## Your goal
What you return should be the complete listing, unchanged, with no pictures in it.
════════════════
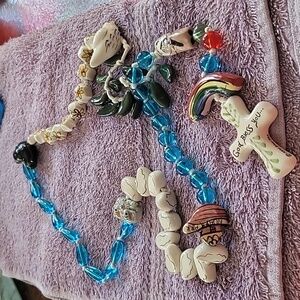 Unique rosary
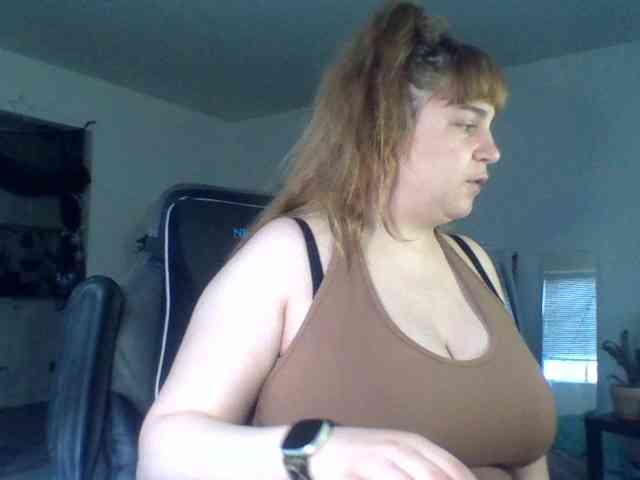 BustyPrincessLeila webcam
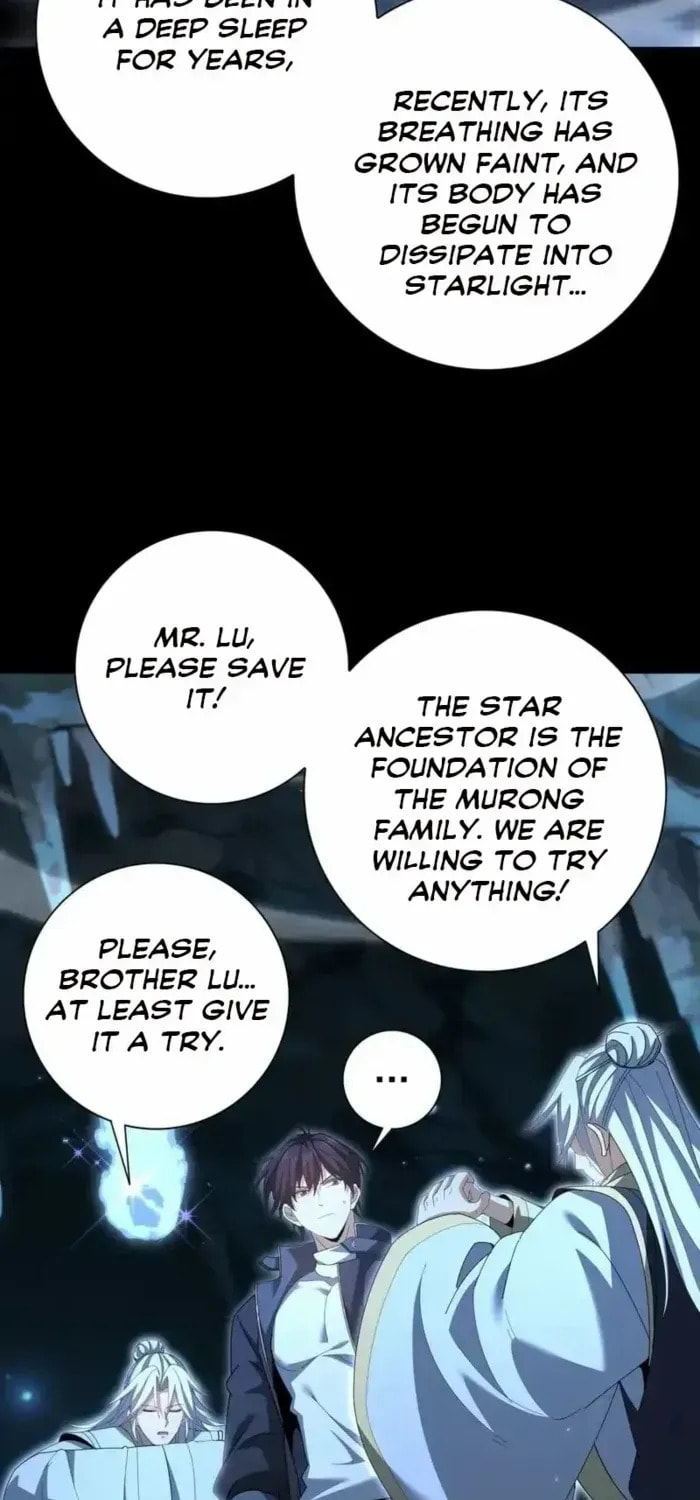 I Got the Weakest Class, Dragon Tamer!? Chapter 197 page 41 - 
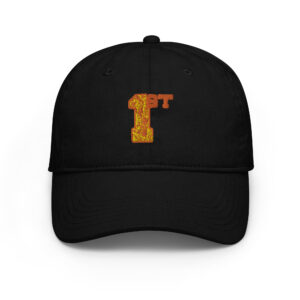 Champion dad hat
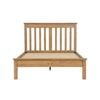 Murray River Queen Bed Frame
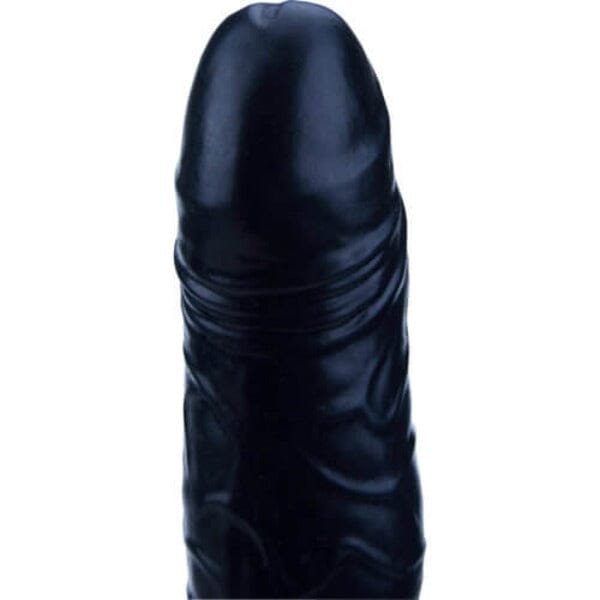 Loving Joy Bully Boy Realistic Vib.BLK Dildos & Dongs My Amazing Fantasy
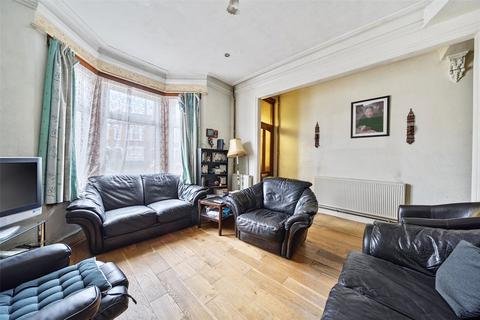 undefined, Leahurst Road, Hither Green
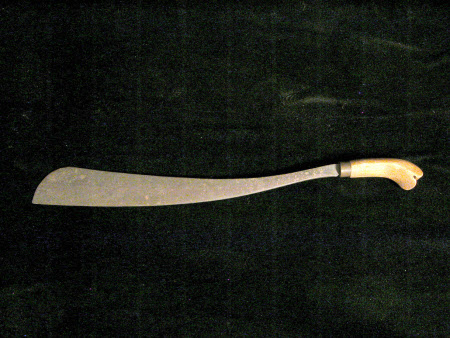 Machete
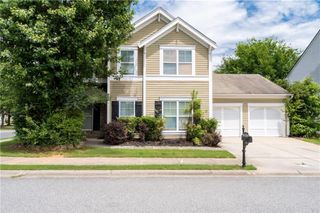 416 Pepperbush Bend, Canton, GA 30114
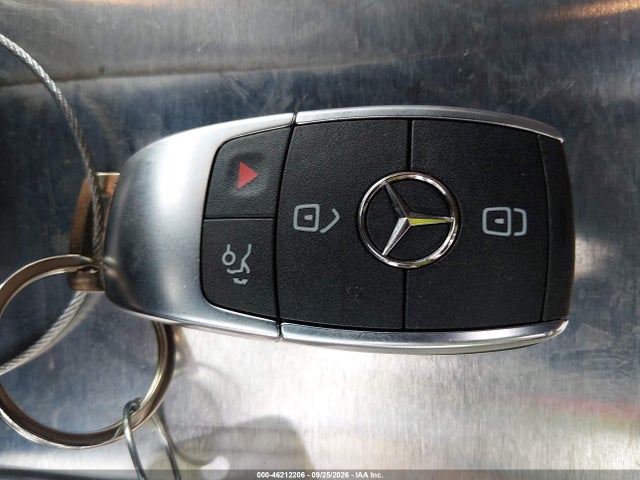 4JGFB4FB3RB033897 Mercedes-Benz Gle 350 4matic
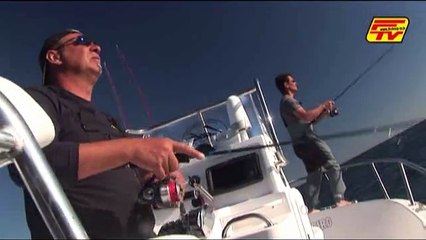 le sondeur GPS pour la pêche 1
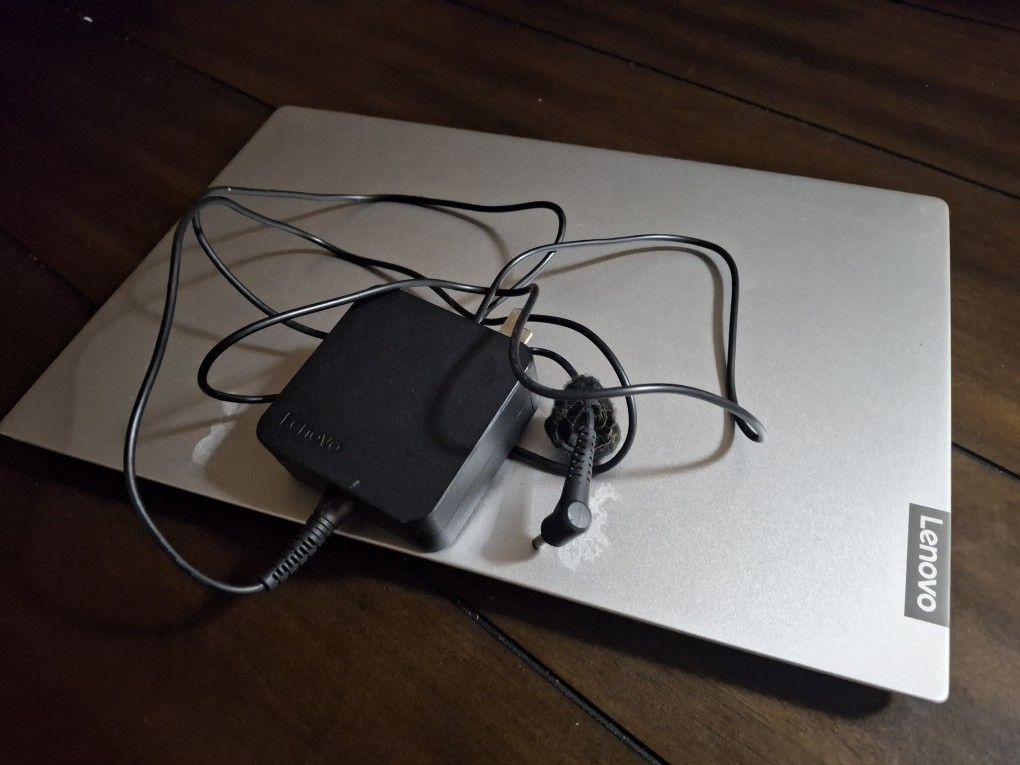 Lenovo Laptop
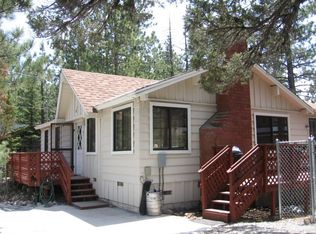 42985 Sunset Dr, Big Bear Lake, CA 92315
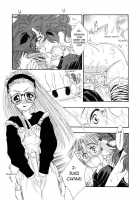 Fairytale Symphony Ch.1-2 [Tajima Yasue] [Original] Thumbnail Page 19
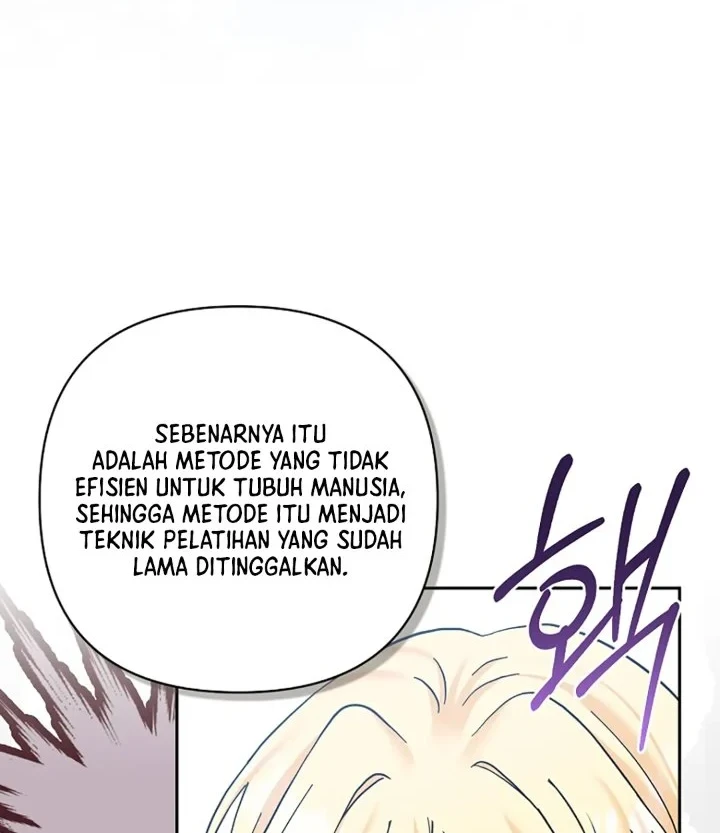 Baby Trouble Maker Chapter 39 - halaman 30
════════════════
## Output of the exercise
 Unique rosary
 BustyPrincessLeila webcam
 I Got the Weakest Class, Dragon Tamer!? Chapter 197 page 41 - 
 Champion dad hat
 Murray River Queen Bed Frame
 Loving Joy Bully Boy Realistic Vib.BLK Dildos & Dongs My Amazing Fantasy
 undefined, Leahurst Road, Hither Green
 Machete
 416 Pepperbush Bend, Canton, GA 30114
 4JGFB4FB3RB033897 Mercedes-Benz Gle 350 4matic
 le sondeur GPS pour la pêche 1
 Lenovo Laptop
 42985 Sunset Dr, Big Bear Lake, CA 92315
 Fairytale Symphony Ch.1-2 [Tajima Yasue] [Original] Thumbnail Page 19
 Baby Trouble Maker Chapter 39 - halaman 30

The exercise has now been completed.